Os valores são relativos a 2019, fornecidos ao JN pela Entidade Reguladora dos Serviços de Águas e Resíduos (Ersar) e não incluem outras tarifas que, frequentemente, fazem mais do que duplicar as faturas, como a de saneamento, de resíduos sólidos ou a de disponibilidade/recursos hídricos.
Dos 25 concelhos com abastecimento de água mais caro no país no ano passado, 24 estão entregues a empresas privadas concessionárias, nomeadamente a Indaqua.
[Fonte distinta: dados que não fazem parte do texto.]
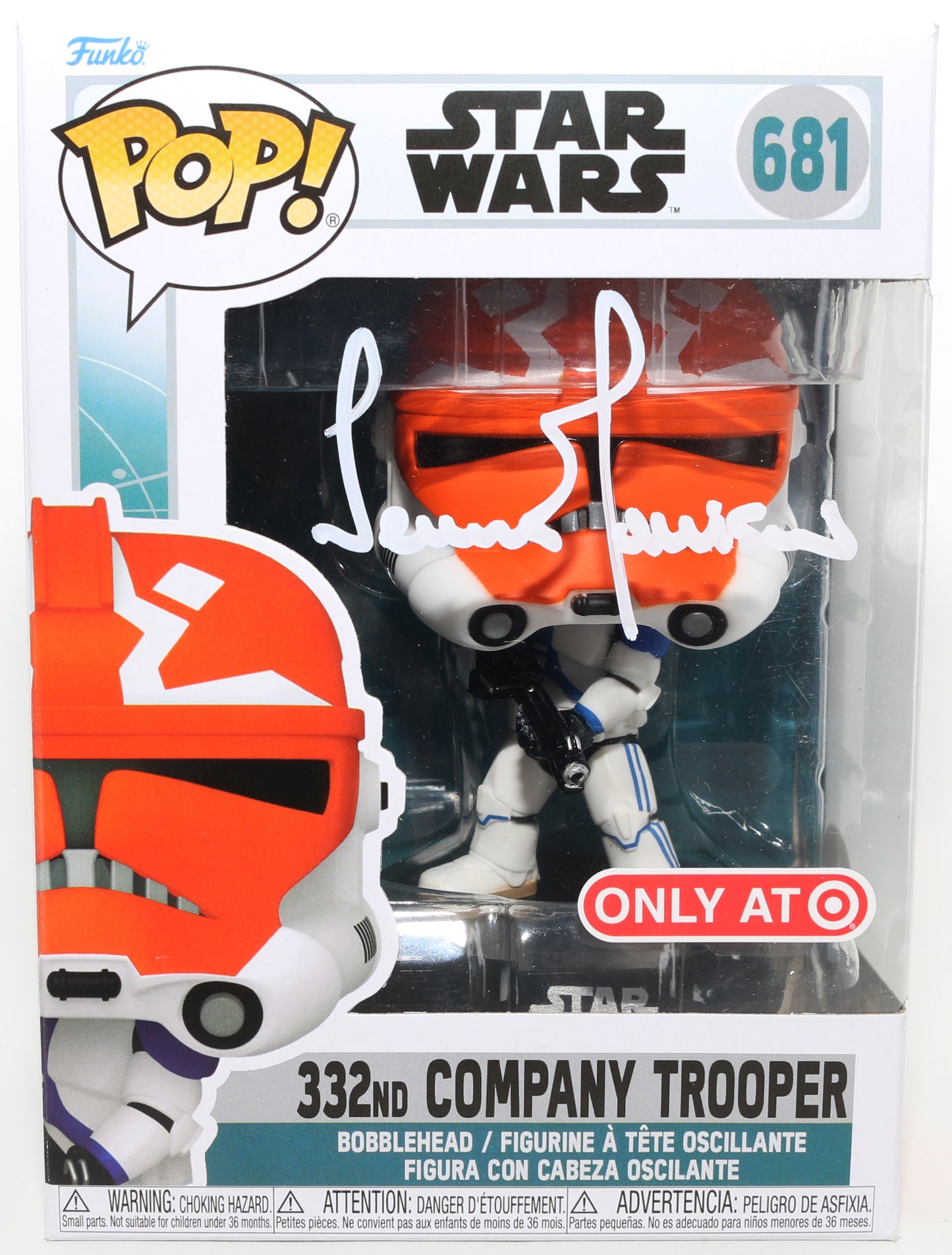 
                  
                    Temuera Morrison as 332nd Company Trooper in Star Wars: Ahsoka Target Exclusive (JSA) Signed Funko POP! #681
                  
                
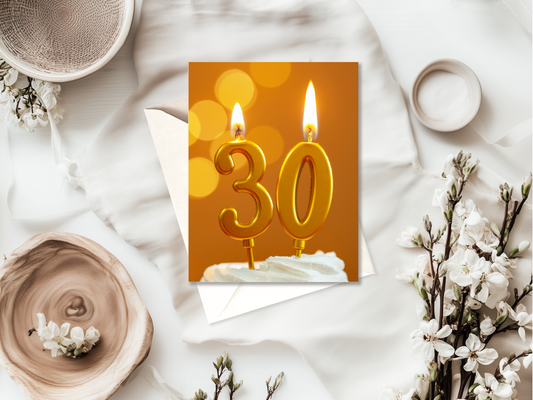 30th Birthday Card | High Quality Greeting for Milestone Celebration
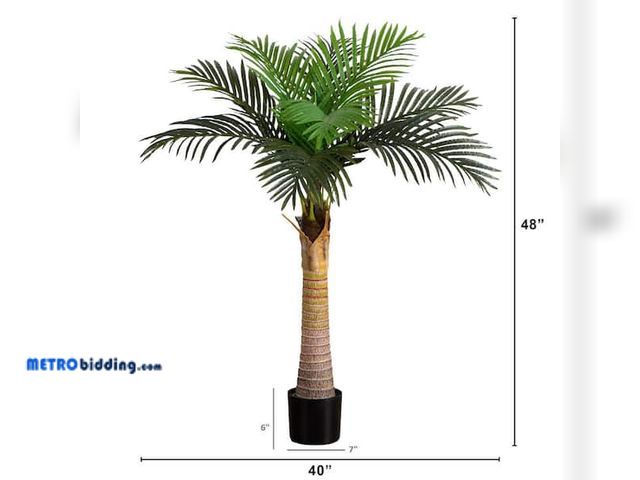Lot 88-492408 - Nearly Natural 4 ft. Artificial Coconut Palm Tree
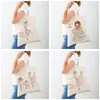 Boodschappentassen Mode Lychee Leven Ballet Meisje Shopper Canvas Doek Student Tote Handtas Herbruikbare Mooie Cartoon Kind Casual Tas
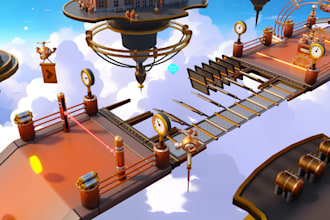 develop unity 2d 3d platformer game for you as a unity developer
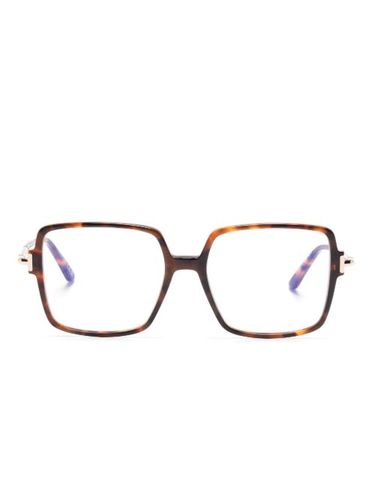 Lunettes de vue carrées à effet écailles de tortue - TOM FORD Eyewear - Modalova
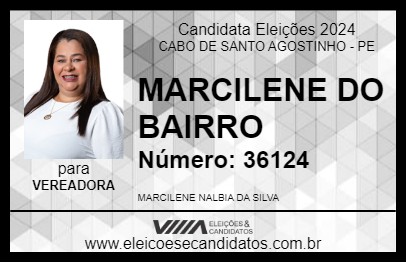 Candidato MARCILENE DO BAIRRO 2024 - CABO DE SANTO AGOSTINHO - Eleições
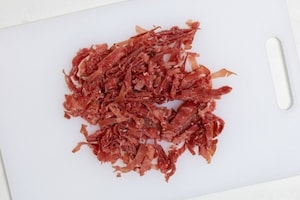 Preparazione Pasta con pesto di rucola e bresaola - Fase 1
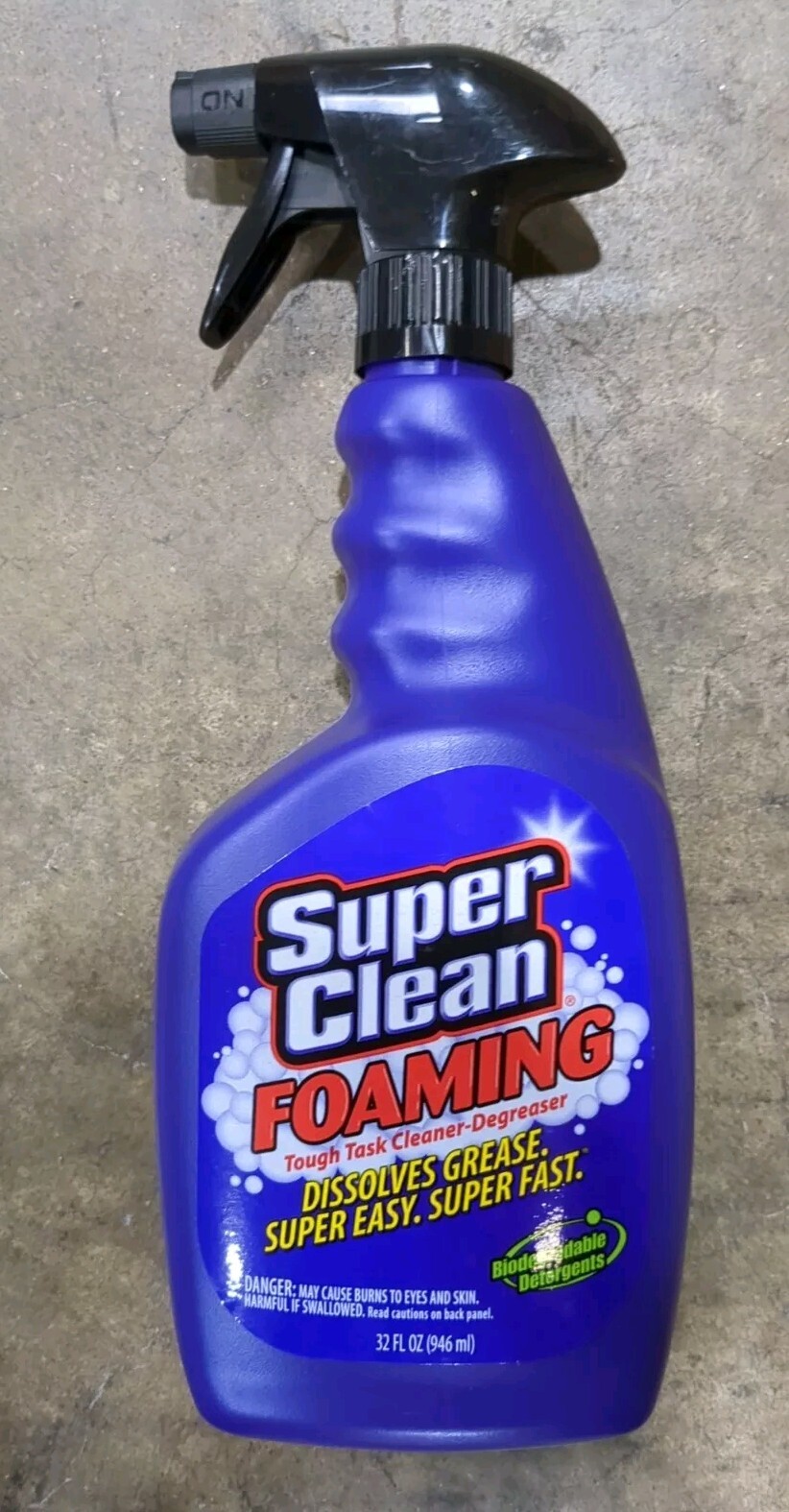 Super Clean Foaming Multi-Surface All Purpose Cleaner Degreaser Spray, Biodeg…
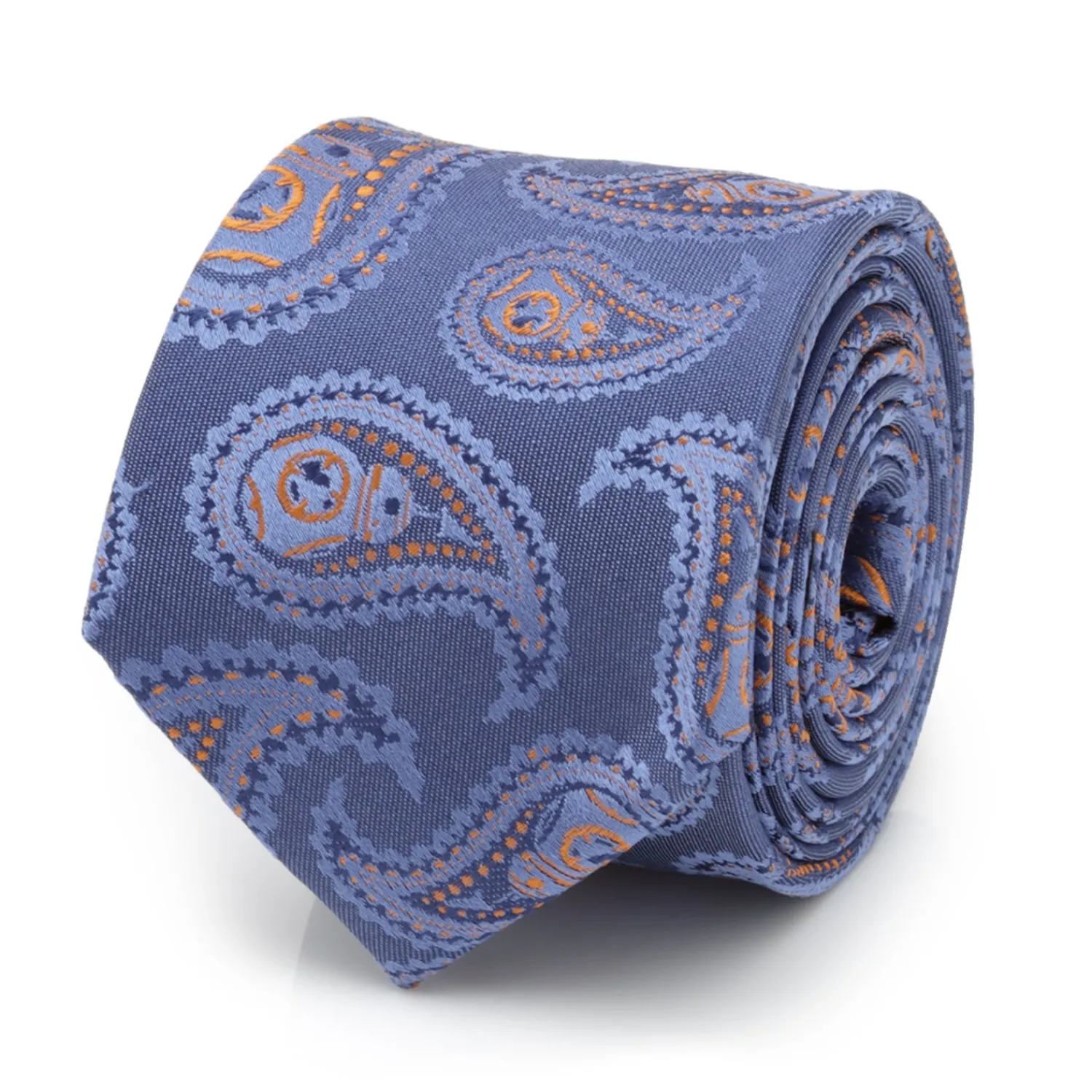 Store BB-8 Paisley Blue Silk Boy's Tie BOY Ties & Bow Ties For Boys | Star Wars Ties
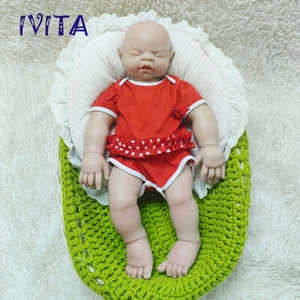 IVITA 19'' Handgemachte Puppen Rebornpuppen Blau Augen Mädchen Silikon Doll - Bild 1 von 8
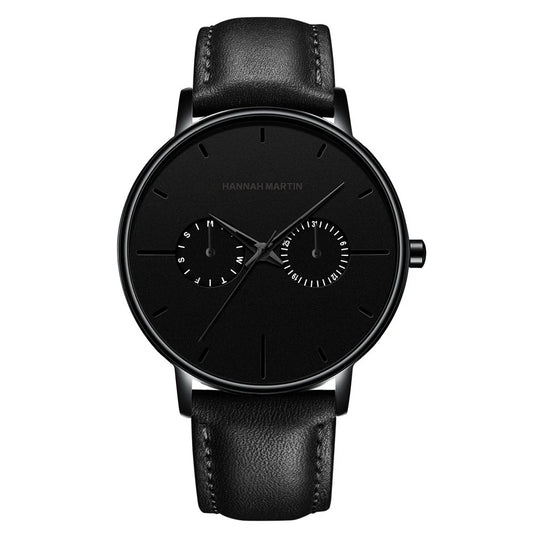 RELOJ ORIGINAL HANNAH MARTIN ELEGANTE Y CASUAL - NEGRO | SKU: HAN-76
Só em Portalegre existe gestão municipal.
Gestão mais cara
A Indaqua explica o elevado preço da água com "o investimento a efetuar pelo operador no município, os custos da operação, o número de clientes que vão suportar estes mesmos custos, assim como a renda a pagar ao município e a qualidade do serviço". No caso de Santo Tirso, Trofa e Vila do Conde, trata-se de municípios "com grandes necessidades de investimento em infraestruturas" para o número de clientes, ao passo que "Matosinhos [também gerido pela Indaqua] tem a tarifa mais baixa da Área Metropolitana do Porto".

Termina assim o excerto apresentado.